* _TASK DETAILS_
The lines below, from the one holding "A young woman" through the one holding "Overhead, there is", are to be restated word for word, with all images left out.

* _MATERIAL SHOWN_
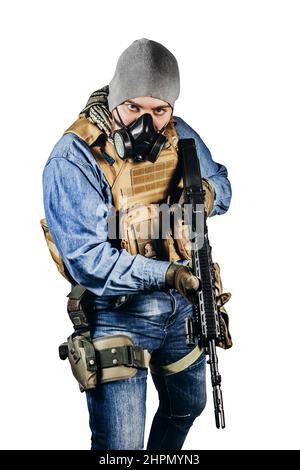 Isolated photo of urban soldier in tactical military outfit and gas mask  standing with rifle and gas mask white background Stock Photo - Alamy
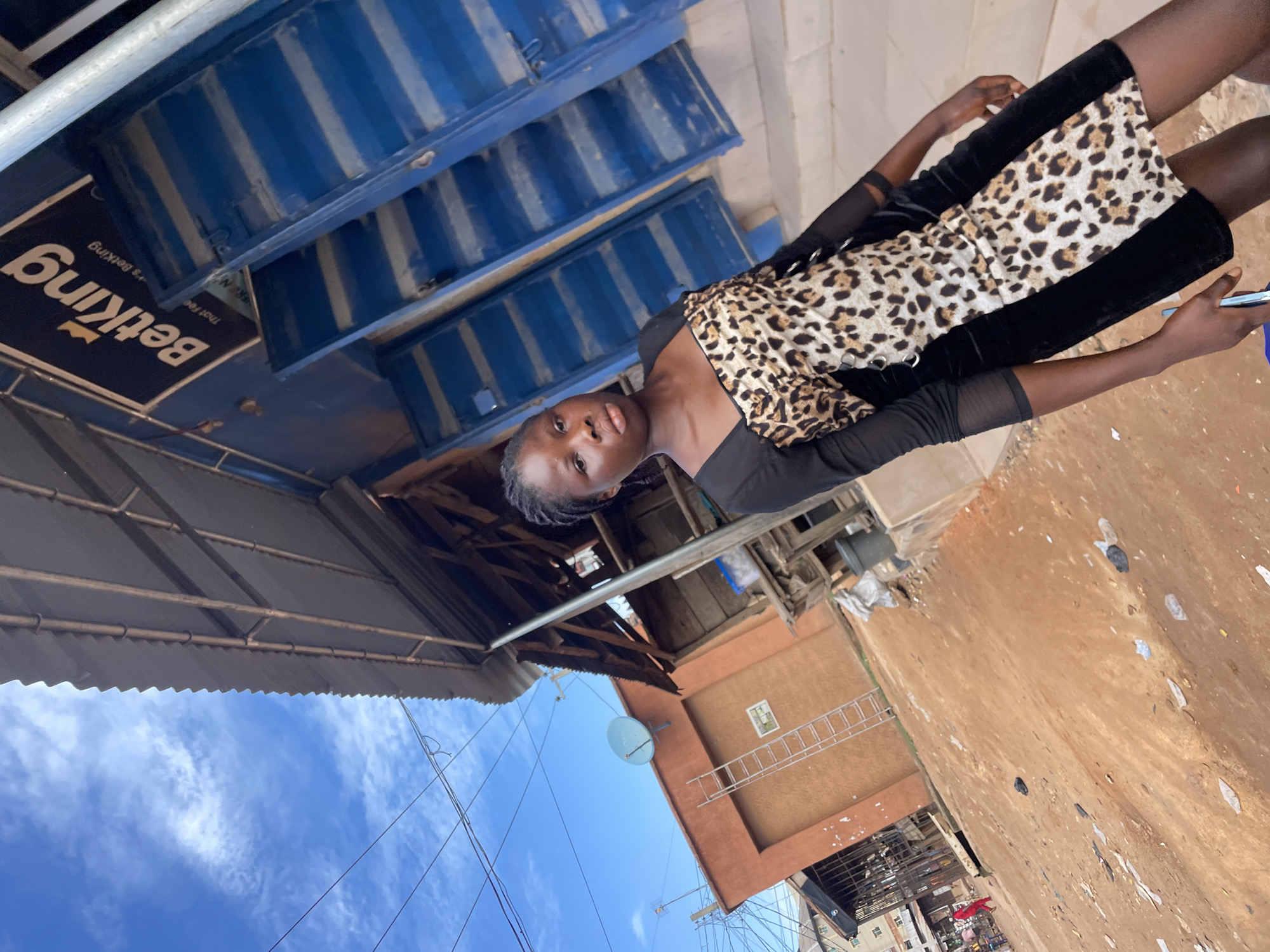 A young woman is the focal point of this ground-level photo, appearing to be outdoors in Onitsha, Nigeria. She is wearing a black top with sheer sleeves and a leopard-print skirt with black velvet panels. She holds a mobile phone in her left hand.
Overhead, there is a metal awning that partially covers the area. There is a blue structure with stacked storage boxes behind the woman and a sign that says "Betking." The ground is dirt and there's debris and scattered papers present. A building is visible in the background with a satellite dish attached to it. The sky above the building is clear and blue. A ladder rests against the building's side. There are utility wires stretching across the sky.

==

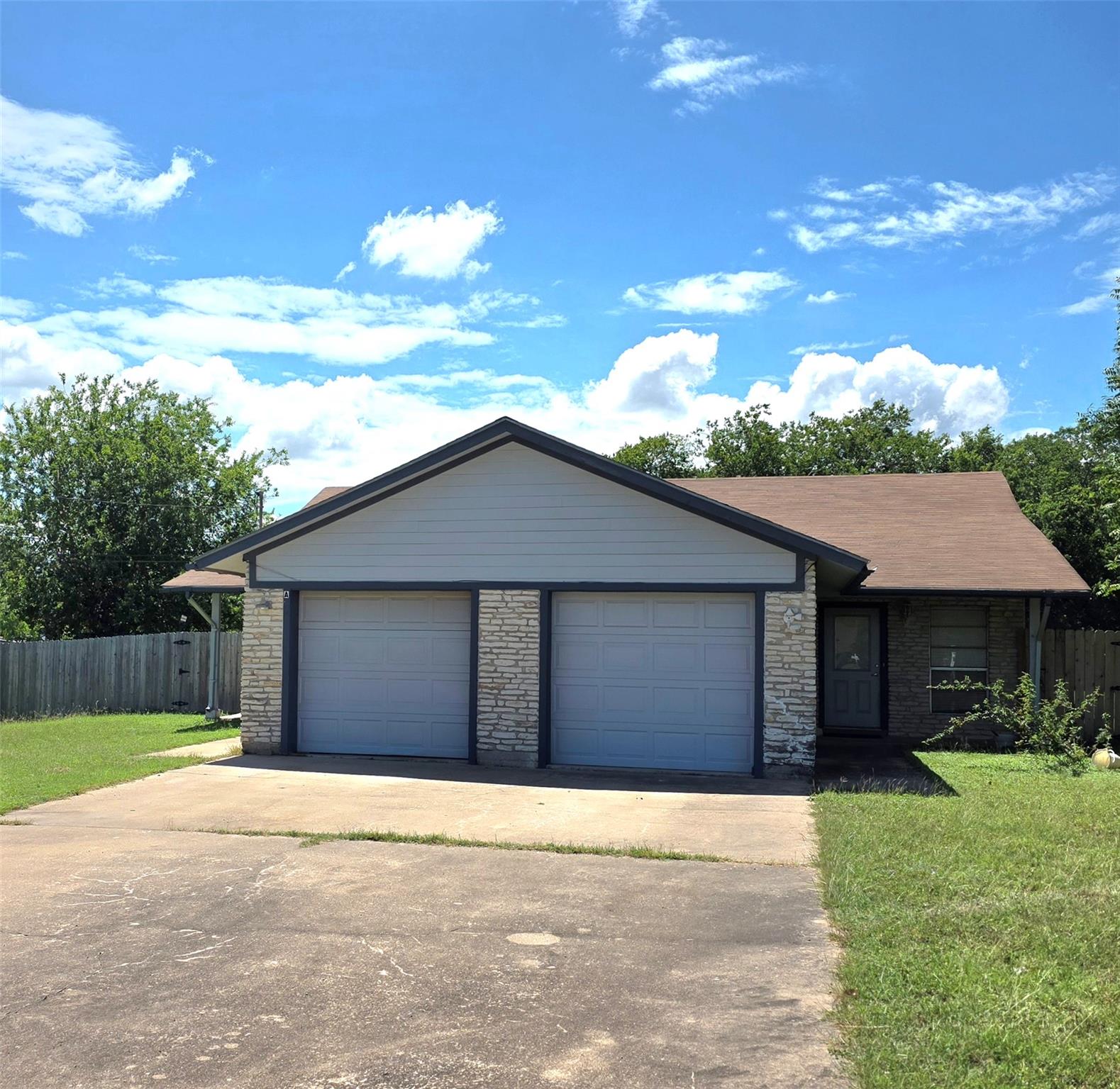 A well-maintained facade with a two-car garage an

==

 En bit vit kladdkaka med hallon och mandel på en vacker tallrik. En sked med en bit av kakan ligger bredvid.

* _YOUR SOLUTION_
 A young woman is the focal point of this ground-level photo, appearing to be outdoors in Onitsha, Nigeria. She is wearing a black top with sheer sleeves and a leopard-print skirt with black velvet panels. She holds a mobile phone in her left hand.
Overhead, there is a metal awning that partially covers the area. There is a blue structure with stacked storage boxes behind the woman and a sign that says "Betking." The ground is dirt and there's debris and scattered papers present. A building is visible in the background with a satellite dish attached to it. The sky above the building is clear and blue. A ladder rests against the building's side. There are utility wires stretching across the sky.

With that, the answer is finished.